**DESCRIPTION OF THE TASK**
Restate word for word the lines from the one bearing "measure tire pressure with a penny" through the end of the entries below, and leave every picture out.

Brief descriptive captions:
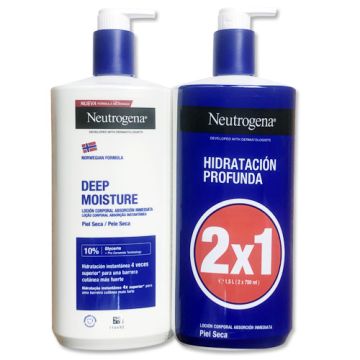 Neutrogena Hidratacion Profunda Locion Piel Seca Duplo 2x750ml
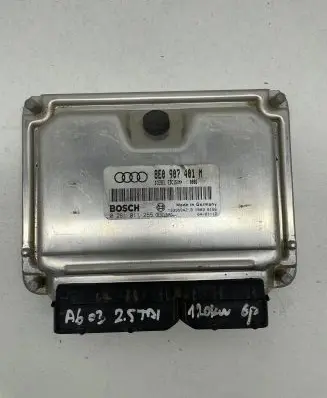 Audi A6 S6 C5 4B Engine control unit/module 8E0907401M 1039S04219 0281011255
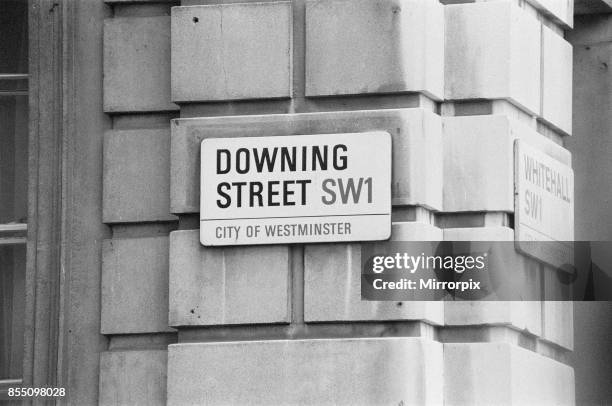 Downing Street, SW1, City of Westminster, London, 30th November 1982.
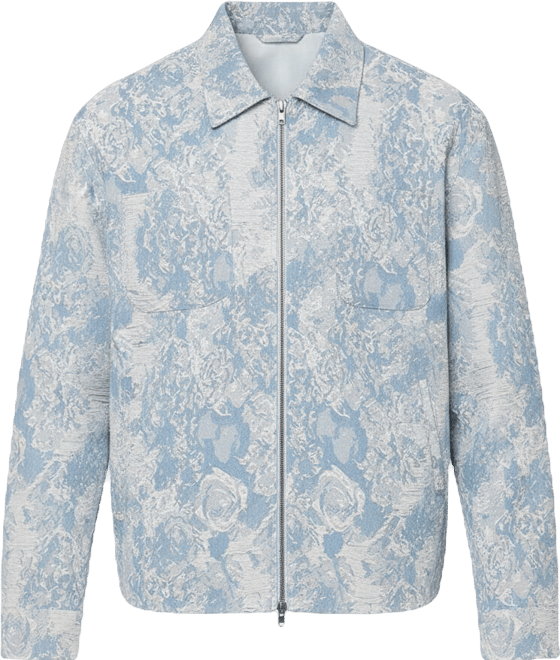 Men's Denim Jacquard Jacket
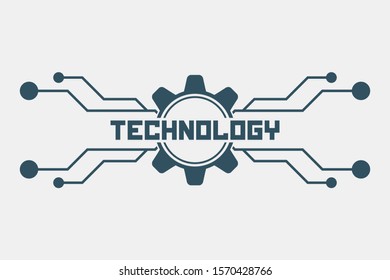 Technology logo background. Tech concept.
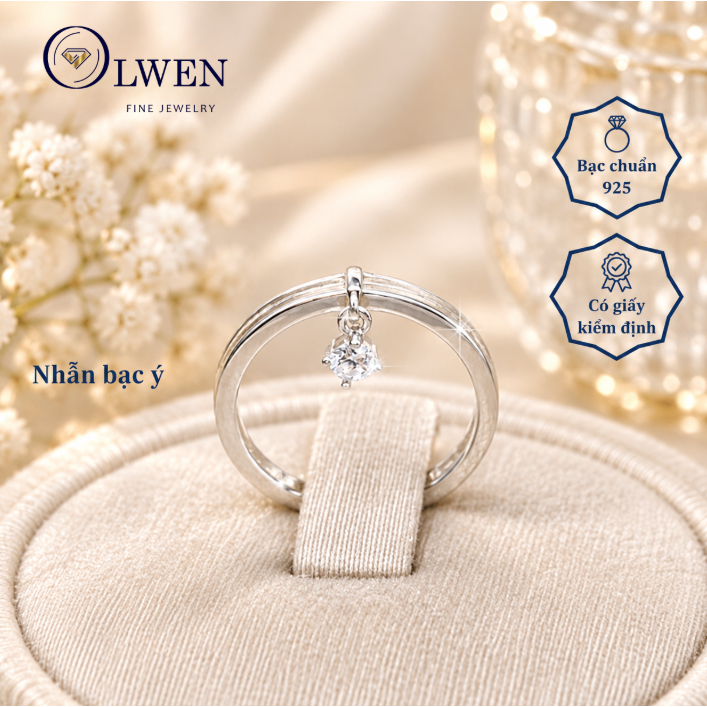 NHẪN BẠC Ý - OLWEN FINE JEWELRY - NM126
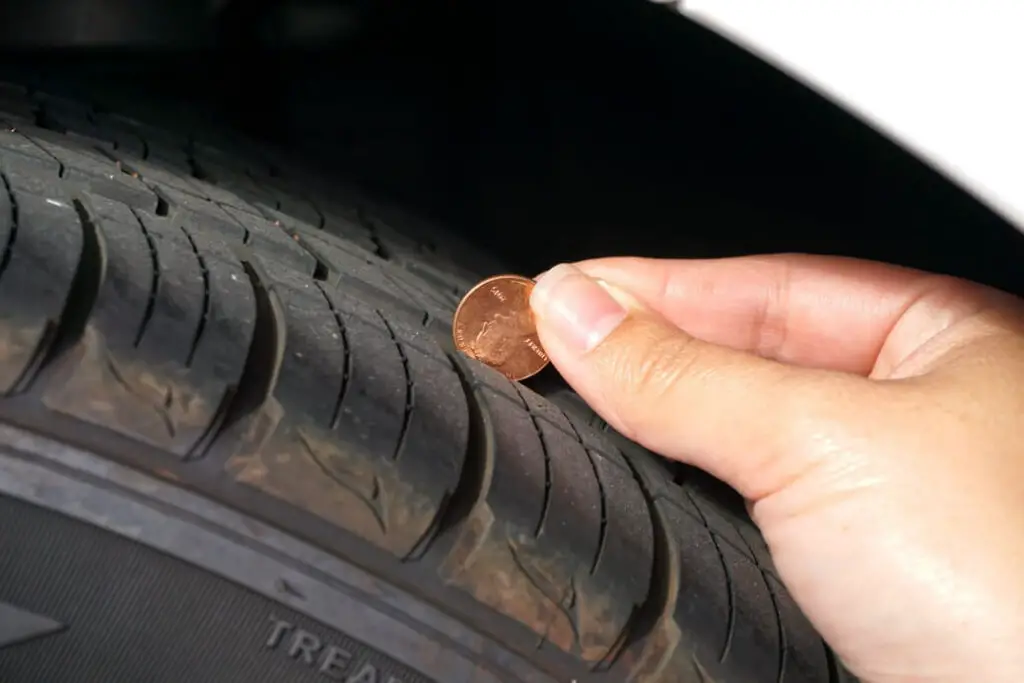 measure tire pressure with a penny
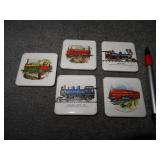 (5) Ceramic Coasters (2-3/8 x 2-3/8")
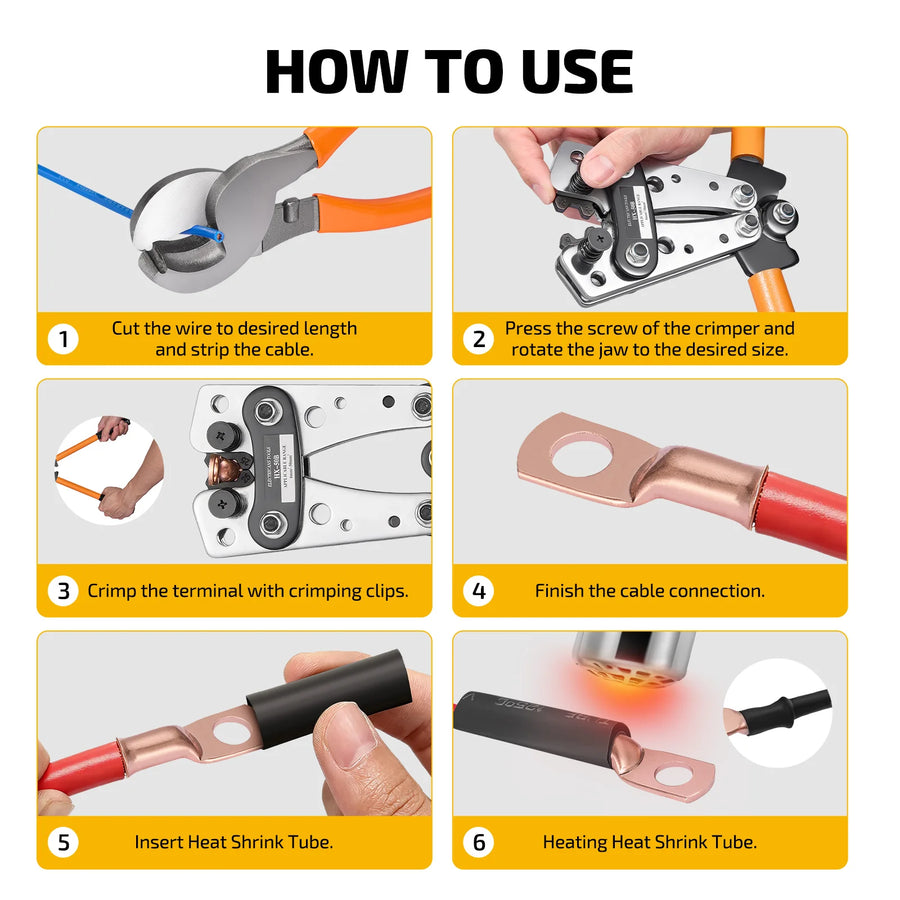 245-Piece Battery Cable Lug & Terminal Kit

**RESULT FOR THIS TASK**
 measure tire pressure with a penny
 (5) Ceramic Coasters (2-3/8 x 2-3/8")
 245-Piece Battery Cable Lug & Terminal Kit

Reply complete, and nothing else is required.